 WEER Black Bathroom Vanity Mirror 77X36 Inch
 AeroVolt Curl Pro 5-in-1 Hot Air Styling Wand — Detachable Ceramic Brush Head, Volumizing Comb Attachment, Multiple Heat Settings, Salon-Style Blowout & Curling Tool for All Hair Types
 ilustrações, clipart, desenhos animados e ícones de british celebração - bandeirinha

...

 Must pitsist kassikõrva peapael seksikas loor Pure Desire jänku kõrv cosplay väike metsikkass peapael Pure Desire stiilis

Prompt >>
All lines in the listing above between the line with "AeroVolt Curl Pro" and the line with "ilustrações, clipart, desenhos", inclusive, should be set down exactly, and no line outside that range.

The completed task >>
 AeroVolt Curl Pro 5-in-1 Hot Air Styling Wand — Detachable Ceramic Brush Head, Volumizing Comb Attachment, Multiple Heat Settings, Salon-Style Blowout & Curling Tool for All Hair Types
 ilustrações, clipart, desenhos animados e ícones de british celebração - bandeirinha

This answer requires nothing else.